Au retour de l'entracte c'est la messe de requiem de Niccolo Jommelli (1714-1774) qui occupe toute la seconde partie du concert. Comme Dall'Abaco, Jommelli fait partie de ces compositeurs quasiment oubliés des mélomanes. Essentiellement compositeur d'opéra, Jommelli a également laissé à la postérité plusieurs œuvres religieuses dont le requiem qui nous était proposé en cette fin de concert. Si la tonalité de l’œuvre est inhabituelle, mi bémol majeur, la tonalité du requiem reste identique pendant toute la durée de l'oeuvre comme le font usuellement les autres compositeurs dans leur messe de requiem. Pour interpréter ce requiem le chœur des estives s'installe sur les gradins ; ce chœur, composé uniquement de stagiaires, tous musiciens amateurs de haut niveau est associé à un orchestre et à quatre solistes professionnels. On retrouve d'ailleurs la soprano Timéa Cipriani et le contre ténor Nitta Masato ; on les avait peu entendus dans le psaume de Pergolèse mais le ténor Sylvain Gamèche et le baryton Romain Boulanger complètent le quatuor de solistes. Très sollicités, les choristes suivent attentivement la battue de leur chef qui les a fait travailler de manière intensive tant musicalement que sur la diction qui sans être idéale est plutôt bonne dans l'ensemble. En ce qui concerne les parties solistes force est de constater que Jommelli a privilégié les voix de soprano et d'alto - ici de contre ténor - ; Timéa Cipriani et Nitta Masato se sortent d'ailleurs très bien des embûches tendues par Jommelli dans sa partition. Si j'ai eu l'occasion d'apprécier la voix du ténor Sylvain Gamèche qui a plusieurs occasions d'intervenir, je regrette que Romain Boulanger (baryton) ait eu si peu à chanter dans ce requiem.

C'est un concert plein de surprises que nous a offert l'association «Les estivales du Freney» en programmant par le biais de son talentueux directeur artistique et musical deux compositeurs méconnus, Evaristo Felice Dall'Abaco et Niccolo Jommelli, aux côtés de «stars» comme Nicolo Porpora et Giovanni Battista Pergolèse. Plein de ressources, Lorenzo Cipriani, dont nous espérons reparler bientôt, a invité des solistes de talent aussi bien pour les pièces vocales que pour le concerto pour flûte et orchestre.

Compte rendu concert. Le Freney d'Oisans.
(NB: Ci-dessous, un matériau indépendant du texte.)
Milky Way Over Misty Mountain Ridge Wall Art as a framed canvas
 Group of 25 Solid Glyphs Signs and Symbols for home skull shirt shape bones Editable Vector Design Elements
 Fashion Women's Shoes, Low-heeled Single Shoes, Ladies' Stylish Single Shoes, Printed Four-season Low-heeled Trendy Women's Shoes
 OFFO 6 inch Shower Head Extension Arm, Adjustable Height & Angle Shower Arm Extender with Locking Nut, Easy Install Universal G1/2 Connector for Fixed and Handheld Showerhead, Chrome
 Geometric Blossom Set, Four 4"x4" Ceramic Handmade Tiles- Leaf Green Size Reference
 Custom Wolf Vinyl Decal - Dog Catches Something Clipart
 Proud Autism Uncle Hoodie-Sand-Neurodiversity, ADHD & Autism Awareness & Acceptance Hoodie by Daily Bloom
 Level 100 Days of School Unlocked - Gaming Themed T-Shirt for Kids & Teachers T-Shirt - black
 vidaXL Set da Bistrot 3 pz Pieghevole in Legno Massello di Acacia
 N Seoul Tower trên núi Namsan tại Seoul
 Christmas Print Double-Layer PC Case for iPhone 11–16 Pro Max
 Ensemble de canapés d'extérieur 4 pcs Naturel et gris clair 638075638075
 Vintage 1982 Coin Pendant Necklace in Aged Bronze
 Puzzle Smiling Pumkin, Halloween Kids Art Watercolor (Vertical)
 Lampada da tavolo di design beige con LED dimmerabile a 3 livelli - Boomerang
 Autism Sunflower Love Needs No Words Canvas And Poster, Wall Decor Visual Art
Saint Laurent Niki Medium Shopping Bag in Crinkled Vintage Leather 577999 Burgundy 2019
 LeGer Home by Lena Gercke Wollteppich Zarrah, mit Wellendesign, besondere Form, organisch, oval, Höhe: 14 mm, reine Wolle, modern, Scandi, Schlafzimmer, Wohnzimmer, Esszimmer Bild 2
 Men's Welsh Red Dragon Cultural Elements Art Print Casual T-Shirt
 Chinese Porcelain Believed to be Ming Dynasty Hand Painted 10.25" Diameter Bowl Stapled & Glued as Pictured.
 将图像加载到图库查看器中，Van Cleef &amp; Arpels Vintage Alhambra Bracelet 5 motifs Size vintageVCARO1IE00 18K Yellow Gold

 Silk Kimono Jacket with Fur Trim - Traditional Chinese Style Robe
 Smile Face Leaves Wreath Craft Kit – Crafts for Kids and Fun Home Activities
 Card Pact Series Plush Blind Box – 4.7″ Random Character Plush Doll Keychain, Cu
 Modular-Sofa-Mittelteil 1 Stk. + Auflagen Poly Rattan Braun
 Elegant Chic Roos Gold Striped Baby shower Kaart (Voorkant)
Eglise St Arey, le 29 juillet 2018. Evaristo Felice Dall'Abaco (1675-1742) : Concerto pour cordes en sol mineur, Giovanni Battista Pergolesi (1710-1736) : Psaume «Domine ad adjuvandum me» pour six solistes et orchestre, Nicolo Porpora (1686-1768) : Concerto pour flûte et orchestre, Niccolo Jommelli (1714-1774) : messe de requiem en mi bémol majeur. Alain Daboncourt, flûte, Timéa Cipriani, soprano, Nitta Masato, contre ténor, Sylvain Gamèche, ténor, Romain Boulanger, baryton. Choeur et orchestre des Estives. Lorenzo Cipriani, direction.